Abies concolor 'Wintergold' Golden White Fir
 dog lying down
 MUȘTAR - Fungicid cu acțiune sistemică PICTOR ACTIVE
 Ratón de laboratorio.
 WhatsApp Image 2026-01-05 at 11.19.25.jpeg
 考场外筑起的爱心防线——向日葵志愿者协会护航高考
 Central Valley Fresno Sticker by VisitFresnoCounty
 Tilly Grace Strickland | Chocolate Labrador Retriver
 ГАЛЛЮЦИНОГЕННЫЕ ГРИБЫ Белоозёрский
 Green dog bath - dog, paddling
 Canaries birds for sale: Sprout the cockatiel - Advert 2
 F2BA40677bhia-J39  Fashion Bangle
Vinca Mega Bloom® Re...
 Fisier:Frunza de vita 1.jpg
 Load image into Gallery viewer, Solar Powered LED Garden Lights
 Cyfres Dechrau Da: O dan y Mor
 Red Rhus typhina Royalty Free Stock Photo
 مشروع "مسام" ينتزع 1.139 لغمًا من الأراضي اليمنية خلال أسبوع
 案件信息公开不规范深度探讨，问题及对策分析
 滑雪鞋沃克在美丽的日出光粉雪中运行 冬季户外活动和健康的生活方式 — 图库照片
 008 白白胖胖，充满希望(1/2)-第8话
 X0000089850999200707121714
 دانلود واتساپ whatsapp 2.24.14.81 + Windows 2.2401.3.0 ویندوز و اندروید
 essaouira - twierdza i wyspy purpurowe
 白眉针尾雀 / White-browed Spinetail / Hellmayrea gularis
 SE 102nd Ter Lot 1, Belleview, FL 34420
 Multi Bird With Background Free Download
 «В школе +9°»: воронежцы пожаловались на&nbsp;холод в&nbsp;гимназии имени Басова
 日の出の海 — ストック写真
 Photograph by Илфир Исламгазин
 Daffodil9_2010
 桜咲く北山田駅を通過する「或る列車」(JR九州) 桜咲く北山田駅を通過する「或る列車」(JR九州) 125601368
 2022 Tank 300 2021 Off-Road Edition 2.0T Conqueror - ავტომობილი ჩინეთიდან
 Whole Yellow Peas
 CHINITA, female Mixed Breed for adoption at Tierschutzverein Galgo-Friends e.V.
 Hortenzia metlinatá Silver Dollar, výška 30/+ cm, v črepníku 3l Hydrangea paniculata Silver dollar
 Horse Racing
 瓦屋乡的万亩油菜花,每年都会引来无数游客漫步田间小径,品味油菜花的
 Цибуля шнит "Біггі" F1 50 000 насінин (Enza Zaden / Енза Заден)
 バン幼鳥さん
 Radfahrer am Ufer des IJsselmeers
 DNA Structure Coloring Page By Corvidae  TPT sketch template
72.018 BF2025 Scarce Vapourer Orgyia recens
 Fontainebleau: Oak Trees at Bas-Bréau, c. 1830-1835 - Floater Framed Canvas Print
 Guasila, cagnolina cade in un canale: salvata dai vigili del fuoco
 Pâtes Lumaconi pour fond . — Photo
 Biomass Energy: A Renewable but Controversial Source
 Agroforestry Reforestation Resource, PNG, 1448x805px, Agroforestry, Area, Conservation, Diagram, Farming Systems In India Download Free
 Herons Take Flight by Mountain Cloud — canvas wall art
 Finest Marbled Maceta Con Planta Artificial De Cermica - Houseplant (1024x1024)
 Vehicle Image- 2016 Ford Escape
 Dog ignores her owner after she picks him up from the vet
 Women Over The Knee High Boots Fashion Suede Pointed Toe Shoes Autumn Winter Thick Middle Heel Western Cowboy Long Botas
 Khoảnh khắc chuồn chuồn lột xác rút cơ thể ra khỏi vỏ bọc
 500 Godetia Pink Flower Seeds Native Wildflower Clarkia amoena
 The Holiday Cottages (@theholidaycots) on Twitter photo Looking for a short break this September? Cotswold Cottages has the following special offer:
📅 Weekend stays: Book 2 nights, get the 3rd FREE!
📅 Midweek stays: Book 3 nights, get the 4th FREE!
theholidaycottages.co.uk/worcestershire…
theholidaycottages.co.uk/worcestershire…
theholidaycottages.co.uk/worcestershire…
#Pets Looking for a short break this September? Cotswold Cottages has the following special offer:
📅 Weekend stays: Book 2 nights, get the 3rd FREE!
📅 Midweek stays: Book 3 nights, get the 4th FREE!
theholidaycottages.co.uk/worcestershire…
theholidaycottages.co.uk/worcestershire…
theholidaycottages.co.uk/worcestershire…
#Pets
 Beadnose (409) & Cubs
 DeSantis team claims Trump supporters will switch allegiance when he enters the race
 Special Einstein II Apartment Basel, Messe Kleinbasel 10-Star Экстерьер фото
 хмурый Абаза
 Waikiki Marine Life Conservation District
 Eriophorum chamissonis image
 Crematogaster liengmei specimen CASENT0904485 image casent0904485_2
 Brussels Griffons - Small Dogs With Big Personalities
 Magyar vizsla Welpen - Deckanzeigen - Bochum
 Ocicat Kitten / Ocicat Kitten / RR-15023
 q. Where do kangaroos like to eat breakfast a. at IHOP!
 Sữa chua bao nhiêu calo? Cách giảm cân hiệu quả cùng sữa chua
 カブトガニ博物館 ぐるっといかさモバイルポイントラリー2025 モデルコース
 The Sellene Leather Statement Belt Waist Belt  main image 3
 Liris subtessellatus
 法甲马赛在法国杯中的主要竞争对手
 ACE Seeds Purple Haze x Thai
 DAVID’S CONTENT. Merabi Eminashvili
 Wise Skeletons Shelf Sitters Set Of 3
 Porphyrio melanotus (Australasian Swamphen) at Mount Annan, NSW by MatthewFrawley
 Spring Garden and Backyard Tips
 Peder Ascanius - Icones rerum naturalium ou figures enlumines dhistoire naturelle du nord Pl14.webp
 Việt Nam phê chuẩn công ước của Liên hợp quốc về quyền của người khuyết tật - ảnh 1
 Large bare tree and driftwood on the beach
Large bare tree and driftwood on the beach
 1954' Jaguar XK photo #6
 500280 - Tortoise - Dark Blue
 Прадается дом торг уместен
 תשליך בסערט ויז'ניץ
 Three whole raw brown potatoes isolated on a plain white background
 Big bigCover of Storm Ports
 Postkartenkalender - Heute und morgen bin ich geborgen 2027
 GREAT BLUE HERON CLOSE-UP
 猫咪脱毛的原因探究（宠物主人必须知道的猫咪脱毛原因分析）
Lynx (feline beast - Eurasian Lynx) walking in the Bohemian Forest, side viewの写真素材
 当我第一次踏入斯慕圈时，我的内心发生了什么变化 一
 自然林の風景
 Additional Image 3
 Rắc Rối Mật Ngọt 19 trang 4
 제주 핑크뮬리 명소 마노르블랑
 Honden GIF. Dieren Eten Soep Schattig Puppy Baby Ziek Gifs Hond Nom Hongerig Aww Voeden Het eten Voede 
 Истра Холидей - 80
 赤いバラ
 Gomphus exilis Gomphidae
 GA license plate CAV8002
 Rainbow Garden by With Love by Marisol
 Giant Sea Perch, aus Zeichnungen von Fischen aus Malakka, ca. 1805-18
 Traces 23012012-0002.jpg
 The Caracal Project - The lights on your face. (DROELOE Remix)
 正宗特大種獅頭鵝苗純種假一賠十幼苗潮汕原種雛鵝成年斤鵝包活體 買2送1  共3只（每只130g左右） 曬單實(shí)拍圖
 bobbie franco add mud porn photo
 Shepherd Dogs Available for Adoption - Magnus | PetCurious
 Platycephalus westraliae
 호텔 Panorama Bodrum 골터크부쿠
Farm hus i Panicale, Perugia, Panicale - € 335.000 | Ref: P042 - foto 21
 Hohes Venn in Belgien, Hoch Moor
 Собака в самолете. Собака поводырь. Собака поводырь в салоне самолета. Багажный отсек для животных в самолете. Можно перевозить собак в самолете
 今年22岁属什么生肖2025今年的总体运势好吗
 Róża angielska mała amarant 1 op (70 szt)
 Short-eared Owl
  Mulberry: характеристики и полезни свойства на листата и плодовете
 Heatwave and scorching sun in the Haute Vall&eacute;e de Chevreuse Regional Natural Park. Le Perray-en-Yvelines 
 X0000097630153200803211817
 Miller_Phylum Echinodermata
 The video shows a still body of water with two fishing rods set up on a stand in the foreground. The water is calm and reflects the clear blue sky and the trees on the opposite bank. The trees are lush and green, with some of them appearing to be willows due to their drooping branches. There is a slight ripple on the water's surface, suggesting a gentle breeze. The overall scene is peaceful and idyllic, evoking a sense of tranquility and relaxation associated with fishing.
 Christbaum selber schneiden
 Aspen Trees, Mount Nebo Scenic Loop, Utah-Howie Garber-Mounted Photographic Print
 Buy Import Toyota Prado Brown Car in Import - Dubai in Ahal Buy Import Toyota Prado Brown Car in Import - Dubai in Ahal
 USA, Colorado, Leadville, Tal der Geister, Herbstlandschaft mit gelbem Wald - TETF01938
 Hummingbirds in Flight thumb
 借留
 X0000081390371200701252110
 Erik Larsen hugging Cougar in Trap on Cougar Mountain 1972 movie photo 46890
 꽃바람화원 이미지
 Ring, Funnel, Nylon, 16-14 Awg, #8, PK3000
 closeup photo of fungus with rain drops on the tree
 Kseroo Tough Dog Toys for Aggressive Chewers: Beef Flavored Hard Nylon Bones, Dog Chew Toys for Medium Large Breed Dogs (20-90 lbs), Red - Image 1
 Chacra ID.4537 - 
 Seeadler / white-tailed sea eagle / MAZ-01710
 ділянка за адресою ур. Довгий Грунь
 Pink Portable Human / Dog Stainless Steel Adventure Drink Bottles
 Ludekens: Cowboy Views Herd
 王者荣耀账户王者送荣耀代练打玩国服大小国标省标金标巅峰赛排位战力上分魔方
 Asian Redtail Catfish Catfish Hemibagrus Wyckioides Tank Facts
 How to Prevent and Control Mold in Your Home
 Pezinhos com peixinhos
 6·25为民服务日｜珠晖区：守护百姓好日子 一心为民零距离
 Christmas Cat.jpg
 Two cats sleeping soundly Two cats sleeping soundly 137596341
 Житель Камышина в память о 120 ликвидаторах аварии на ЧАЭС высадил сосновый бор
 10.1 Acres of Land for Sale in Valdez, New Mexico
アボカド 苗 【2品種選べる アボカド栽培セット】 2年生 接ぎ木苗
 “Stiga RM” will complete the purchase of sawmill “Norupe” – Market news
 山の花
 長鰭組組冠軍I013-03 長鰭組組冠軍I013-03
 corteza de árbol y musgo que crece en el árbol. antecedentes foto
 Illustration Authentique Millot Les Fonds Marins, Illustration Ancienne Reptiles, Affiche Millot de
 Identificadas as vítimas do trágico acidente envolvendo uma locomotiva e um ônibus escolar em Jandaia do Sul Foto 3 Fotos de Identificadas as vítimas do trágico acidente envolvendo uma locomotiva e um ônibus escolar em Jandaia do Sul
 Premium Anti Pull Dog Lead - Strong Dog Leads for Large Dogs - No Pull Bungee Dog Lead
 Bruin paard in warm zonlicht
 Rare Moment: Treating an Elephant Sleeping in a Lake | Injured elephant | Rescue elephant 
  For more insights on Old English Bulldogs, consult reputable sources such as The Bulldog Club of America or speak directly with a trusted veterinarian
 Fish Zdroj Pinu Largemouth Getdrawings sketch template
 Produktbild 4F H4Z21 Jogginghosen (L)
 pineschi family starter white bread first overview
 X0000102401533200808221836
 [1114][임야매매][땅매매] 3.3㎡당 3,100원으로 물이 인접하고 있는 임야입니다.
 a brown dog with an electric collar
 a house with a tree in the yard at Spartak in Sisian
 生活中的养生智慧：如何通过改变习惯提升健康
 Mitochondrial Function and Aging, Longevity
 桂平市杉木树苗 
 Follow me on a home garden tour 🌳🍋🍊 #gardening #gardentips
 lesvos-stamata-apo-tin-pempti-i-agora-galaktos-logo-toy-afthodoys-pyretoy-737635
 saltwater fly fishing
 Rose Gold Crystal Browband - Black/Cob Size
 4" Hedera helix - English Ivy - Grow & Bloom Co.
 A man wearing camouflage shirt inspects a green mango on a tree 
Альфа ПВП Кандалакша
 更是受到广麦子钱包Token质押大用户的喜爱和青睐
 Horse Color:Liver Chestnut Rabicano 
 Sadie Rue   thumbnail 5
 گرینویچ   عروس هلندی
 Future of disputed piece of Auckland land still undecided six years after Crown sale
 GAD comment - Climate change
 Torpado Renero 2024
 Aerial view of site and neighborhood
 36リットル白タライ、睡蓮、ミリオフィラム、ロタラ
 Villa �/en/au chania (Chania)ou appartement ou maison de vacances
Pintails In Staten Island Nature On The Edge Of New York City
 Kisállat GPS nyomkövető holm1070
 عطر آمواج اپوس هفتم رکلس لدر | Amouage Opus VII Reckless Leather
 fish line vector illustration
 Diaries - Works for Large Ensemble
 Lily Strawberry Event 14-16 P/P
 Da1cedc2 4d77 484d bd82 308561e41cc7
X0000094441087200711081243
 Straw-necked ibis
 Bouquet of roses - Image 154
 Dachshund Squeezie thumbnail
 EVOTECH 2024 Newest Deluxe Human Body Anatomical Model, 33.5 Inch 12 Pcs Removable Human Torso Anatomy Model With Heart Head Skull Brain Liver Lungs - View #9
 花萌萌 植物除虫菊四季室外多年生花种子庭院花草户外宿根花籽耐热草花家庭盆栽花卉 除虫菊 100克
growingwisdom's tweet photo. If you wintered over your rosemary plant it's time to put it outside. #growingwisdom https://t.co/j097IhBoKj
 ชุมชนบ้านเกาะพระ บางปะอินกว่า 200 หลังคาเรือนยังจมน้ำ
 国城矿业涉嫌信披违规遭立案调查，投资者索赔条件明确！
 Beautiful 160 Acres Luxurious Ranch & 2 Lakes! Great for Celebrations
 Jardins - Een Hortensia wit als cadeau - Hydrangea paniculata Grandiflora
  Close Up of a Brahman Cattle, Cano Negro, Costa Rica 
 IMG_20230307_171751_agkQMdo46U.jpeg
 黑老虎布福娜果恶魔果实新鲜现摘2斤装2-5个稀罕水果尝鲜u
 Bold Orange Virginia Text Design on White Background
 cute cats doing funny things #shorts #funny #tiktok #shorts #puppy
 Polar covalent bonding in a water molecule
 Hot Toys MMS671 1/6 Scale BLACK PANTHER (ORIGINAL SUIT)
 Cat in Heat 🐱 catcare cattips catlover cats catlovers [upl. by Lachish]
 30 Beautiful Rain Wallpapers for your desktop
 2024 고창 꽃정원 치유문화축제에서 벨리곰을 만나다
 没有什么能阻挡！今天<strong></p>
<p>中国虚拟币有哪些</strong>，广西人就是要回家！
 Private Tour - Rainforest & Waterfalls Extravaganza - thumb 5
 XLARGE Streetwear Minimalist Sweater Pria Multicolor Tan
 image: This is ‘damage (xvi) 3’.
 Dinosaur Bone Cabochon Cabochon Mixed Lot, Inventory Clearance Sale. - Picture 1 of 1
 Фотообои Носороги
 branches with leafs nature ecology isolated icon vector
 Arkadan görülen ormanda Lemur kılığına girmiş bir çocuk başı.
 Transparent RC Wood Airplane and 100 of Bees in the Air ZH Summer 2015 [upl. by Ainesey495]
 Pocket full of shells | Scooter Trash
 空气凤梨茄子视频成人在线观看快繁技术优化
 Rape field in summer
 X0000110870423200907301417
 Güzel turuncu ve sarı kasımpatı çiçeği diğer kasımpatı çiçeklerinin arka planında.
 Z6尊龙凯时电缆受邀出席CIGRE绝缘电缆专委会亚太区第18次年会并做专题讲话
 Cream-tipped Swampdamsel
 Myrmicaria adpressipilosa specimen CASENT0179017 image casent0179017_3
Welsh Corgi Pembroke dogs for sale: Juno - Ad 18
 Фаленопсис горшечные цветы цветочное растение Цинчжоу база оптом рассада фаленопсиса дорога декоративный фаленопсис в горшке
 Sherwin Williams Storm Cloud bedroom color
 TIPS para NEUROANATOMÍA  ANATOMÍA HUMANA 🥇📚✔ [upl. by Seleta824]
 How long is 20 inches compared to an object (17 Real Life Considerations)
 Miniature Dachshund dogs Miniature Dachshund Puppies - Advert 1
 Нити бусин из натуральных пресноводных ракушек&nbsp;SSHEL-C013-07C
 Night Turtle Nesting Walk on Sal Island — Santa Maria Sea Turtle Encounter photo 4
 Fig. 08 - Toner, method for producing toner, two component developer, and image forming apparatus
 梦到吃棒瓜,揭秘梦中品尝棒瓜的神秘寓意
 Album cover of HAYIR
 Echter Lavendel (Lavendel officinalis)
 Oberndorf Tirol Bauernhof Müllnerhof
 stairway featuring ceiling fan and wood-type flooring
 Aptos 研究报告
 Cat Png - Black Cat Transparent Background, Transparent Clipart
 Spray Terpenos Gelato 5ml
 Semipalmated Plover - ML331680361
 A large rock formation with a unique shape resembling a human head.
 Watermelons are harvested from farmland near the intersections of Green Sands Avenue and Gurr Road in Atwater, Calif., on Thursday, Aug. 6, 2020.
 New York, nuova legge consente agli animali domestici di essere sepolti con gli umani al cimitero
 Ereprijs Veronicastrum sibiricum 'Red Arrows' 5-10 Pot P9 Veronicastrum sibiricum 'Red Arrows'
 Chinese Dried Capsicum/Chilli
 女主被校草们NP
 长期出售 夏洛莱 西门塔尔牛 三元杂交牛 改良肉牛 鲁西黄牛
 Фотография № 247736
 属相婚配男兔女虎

_____

-- Required action --
Using the material above, return every line that holds the string "Horse".

-- Task result --
 Horse Racing
 Horse Color:Liver Chestnut Rabicano 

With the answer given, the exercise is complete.